■ Dataset:
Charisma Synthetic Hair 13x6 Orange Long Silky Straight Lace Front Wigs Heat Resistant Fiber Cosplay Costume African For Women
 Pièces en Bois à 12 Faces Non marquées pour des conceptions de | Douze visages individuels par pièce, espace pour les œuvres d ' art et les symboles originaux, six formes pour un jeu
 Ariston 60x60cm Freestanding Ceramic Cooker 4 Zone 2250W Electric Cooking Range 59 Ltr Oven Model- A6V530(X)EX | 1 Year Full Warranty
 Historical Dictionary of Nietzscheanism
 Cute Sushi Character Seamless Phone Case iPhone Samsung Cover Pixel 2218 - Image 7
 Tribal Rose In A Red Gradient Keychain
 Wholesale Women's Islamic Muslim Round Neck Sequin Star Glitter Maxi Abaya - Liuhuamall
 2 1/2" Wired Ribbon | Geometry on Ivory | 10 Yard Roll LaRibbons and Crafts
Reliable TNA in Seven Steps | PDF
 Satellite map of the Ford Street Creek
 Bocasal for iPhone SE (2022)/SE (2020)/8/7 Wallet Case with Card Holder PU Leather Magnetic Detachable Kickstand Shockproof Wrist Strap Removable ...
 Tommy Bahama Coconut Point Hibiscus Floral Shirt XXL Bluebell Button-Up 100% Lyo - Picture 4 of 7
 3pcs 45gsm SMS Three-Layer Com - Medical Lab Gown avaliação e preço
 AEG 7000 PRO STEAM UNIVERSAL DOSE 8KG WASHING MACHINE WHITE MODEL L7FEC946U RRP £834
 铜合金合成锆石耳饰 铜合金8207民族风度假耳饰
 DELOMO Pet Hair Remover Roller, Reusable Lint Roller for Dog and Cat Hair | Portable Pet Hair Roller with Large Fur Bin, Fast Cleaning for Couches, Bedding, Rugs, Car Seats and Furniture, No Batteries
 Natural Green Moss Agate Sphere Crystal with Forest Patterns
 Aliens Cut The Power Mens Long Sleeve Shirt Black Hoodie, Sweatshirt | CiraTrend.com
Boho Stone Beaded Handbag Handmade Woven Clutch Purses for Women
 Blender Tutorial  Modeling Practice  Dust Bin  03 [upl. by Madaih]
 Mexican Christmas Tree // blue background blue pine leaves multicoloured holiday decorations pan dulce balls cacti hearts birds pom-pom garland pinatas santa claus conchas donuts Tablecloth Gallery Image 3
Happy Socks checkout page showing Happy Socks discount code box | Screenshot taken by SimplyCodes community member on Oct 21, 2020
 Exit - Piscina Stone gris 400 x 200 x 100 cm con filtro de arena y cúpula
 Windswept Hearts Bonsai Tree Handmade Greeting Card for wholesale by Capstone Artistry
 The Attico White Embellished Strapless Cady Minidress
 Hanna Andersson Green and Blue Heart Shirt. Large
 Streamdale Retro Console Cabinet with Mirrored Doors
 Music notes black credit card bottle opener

■ Exercise brief:
When the string "Large" occurs in a line of the material, that line belongs in the answer.

■ The answer:
 DELOMO Pet Hair Remover Roller, Reusable Lint Roller for Dog and Cat Hair | Portable Pet Hair Roller with Large Fur Bin, Fast Cleaning for Couches, Bedding, Rugs, Car Seats and Furniture, No Batteries
 Hanna Andersson Green and Blue Heart Shirt. Large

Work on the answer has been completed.